← Back to context

Comment by lacewing

7 hours ago

I don't understand why this is surprising. People didn't go to FiveThirtyEight to marvel the science behind it. The science was just supposed to give you what you came there for: the actual election results.

In the end, it turned out that predicting elections is still very hard, and that for all the fanfare, FiveThirtyEight performed only slightly better than what you could find in any other reputable newspaper, so it kinda lost its appeal.

> it turned out that predicting elections is still very hard

So maybe we shouldn't be doing it. The value of predicting an election in the large out in public seems kind of dubious, and it's more like gambling than actually being useful. A candidate only runs, and continues running, if they think they can win. All predictions like these do is confuse voters leading up to election day and while they are voting. It keep candidates from making strong cases for their platform, keeps the voters from listening to the candidates' platforms, and encourages team-based partisan politics.

> FiveThirtyEight performed only slightly better than what you could find in any other reputable newspaper

FiveThirtyEight gave Trump double the odds of the next highest reputable prediction, which was The New York Times Upshot (15%). Princeton Election Consortium gave Trump less than 1%.

That is not "only slightly better" to anyone who's statistically literate.

A FiveThirtyEight reader in 2016 was significantly better calibrated regarding Clinton’s chances than a reader of other reputable newspapers.

  • This embodies what 538 and its defenders miss about 538's appeal:

    People didn't come to 538 for explanations on subtle points of statistical literacy (although those were provided). They came because, for whatever reason, they wanted to know who would win the election.

    People not trained in statistics treated like the scoreboard at a football game- it's always better to be winning, but score is a near perfect predictor in the last minute.

    Once 538 stopped delivering perfect predictions and started delivering "Actually the difference between 1% and 30% are way bigger than you think" lectures, the appeal disappeared. There are better places to learn math from.

    • Speak for yourself. That's not why I read FiveThirtyEight.

      The purpose of FiveThirtyEight was never to be an oracle for the average person. It was always a deliberately wonky site for a wonky audience. They were very clear about that in the articles they published and topics they covered.

      2 replies →

538 was never about magically making polls more reliable, and only people that don't understand what polls are could think that (caveat: lots of people don't understand how polls work).

538 was about analyzing and communicating the information from those polls in an easily accessible form. If you came to the site for that, you weren't mad that they "predicted poorly something that was impossible to predict from the data sources they used" ... you were just mad at Trump for winning (despite polls suggesting otherwise).

  • Again, I don't think any of this matters. People were not coming there to have "information communicated to them". They were coming there for the satisfaction of knowing the results before everyone else. And FiveThirtyEight couldn't realistically deliver on that.

    • That makes as much sense as visiting ESPN and expecting them to tell you who will definitely win the Super Bowl next year. Anyone expecting that is going to be disappointed often no matter what.

      I thought it went without saying but a good analyst can't predict the future in politics, sports, or anything else. What they can do is make good probabilistic estimates of what is likely to happen. 538 wasn't pretending to do anything more than that.

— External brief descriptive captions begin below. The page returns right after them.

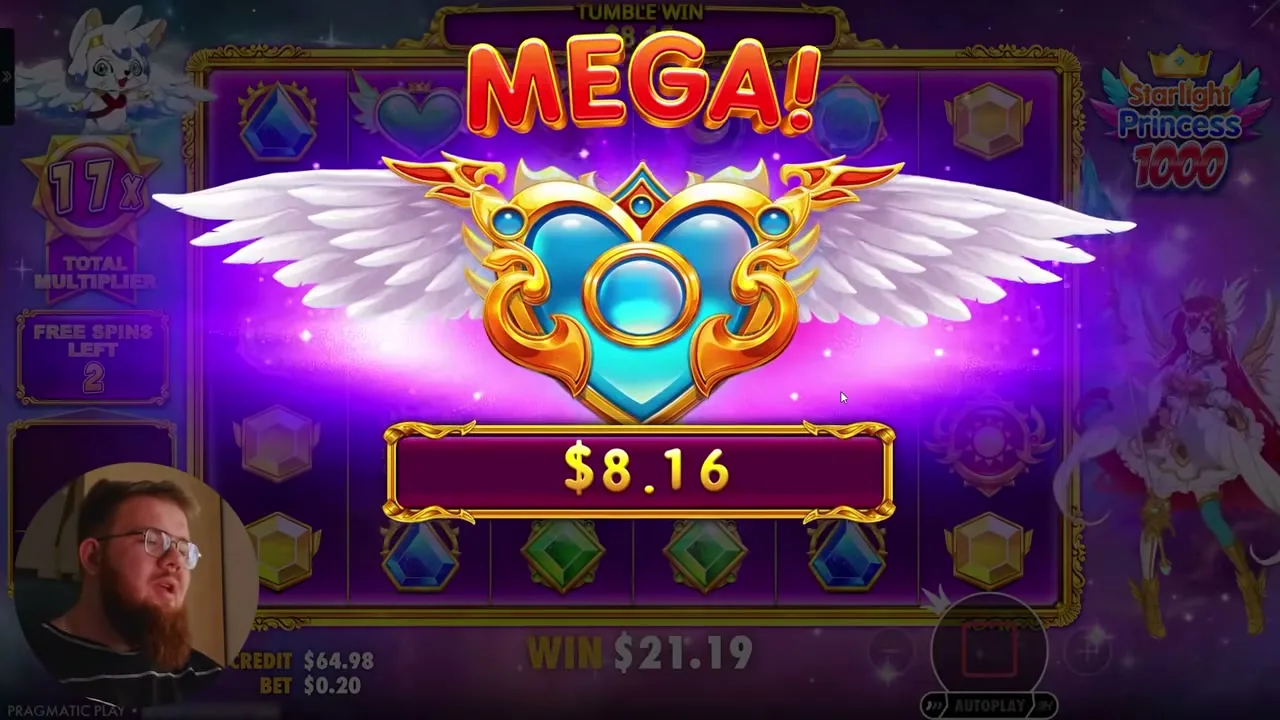 Starlight Princess 1000 — Casino en vivo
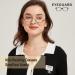 Eyeguard Narrow Reading Glasses - Compact Mini Super-Light Metal Portable Case 2 Pairs (+1.00 Enlargement) for Men & Women - Perfect for Travel! - Buy Online on GoSupps.com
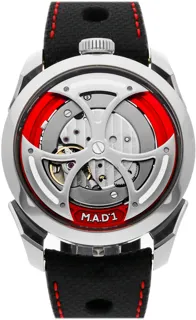 MB&F M.A.D.1 Edition 1 Red M.A.D. 1 RED Stainless steel Red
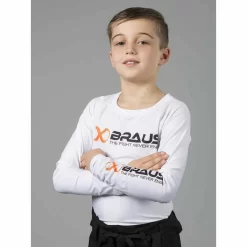 Braus Rash Guard Long Sleeve - Kids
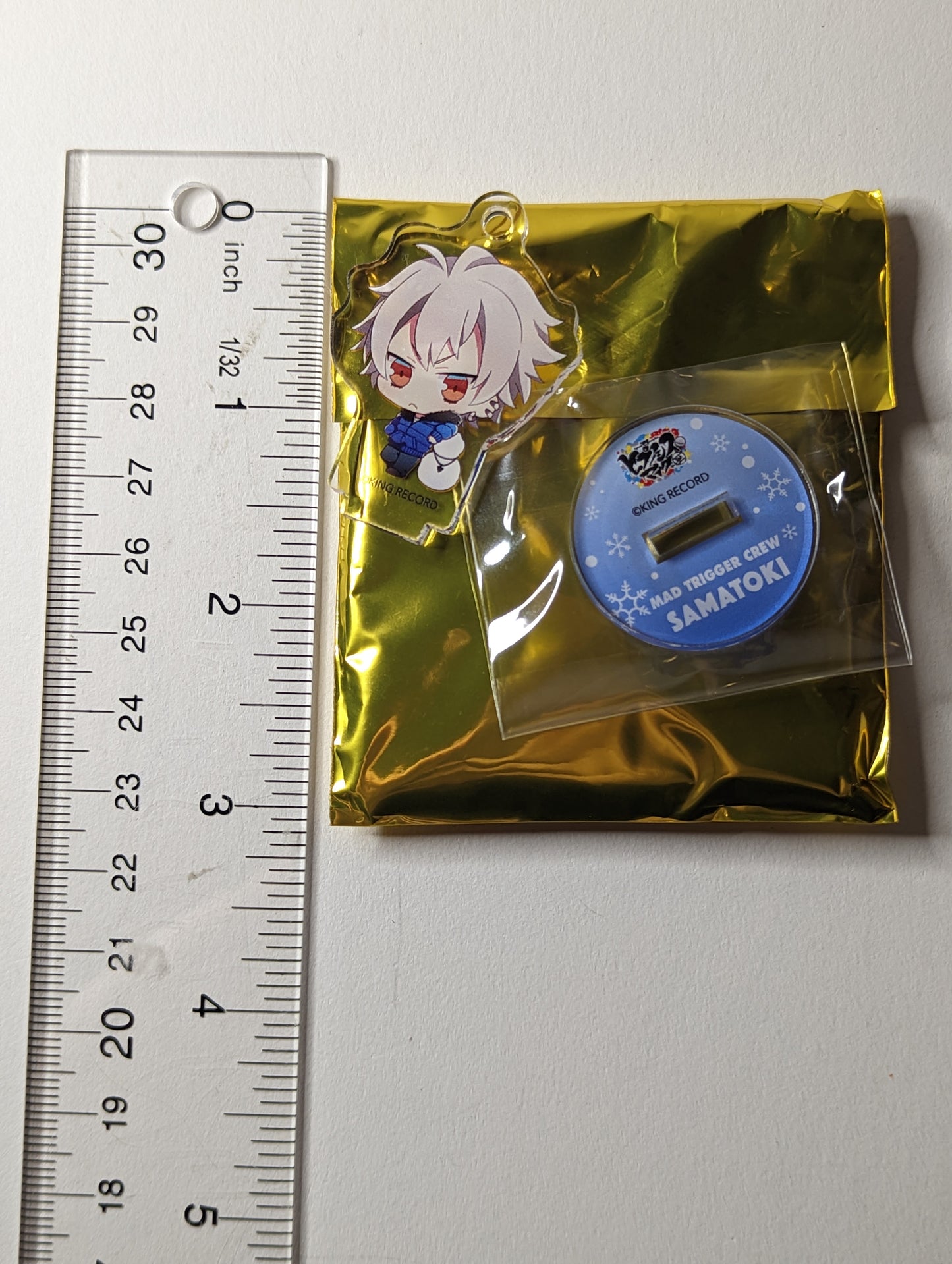 Samatoki Aohitsuji Hypnosis Mic Hypmic Acrylic Stand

      If people want magic predictions there are plenty of touts and scammers willing to offer them, they don't need to waste time with charts and numbers though.

      1 reply →

    • I think anyone who actually operates that way is very misguided, but it’s a fair point. But either way, 538 was such a nice site for just looking at the data in a fresh way at the time, and it’s a shame that went away.

      If people are expecting anyone to have a magic prediction algorithm for things like this… I mean there’s only so much one can say. It’s not realistic.

    • I'm very curious to see how polymarket fairs, compared to the news agencies. I suspect prediction markets will be the norm, going forward. Polls can't fully capture the element of anonymity that's required for an accurate poll of something controversial.

      1 reply →

Polls became much less interesting as an Entertainment category once we all had experience with how unreliable they are.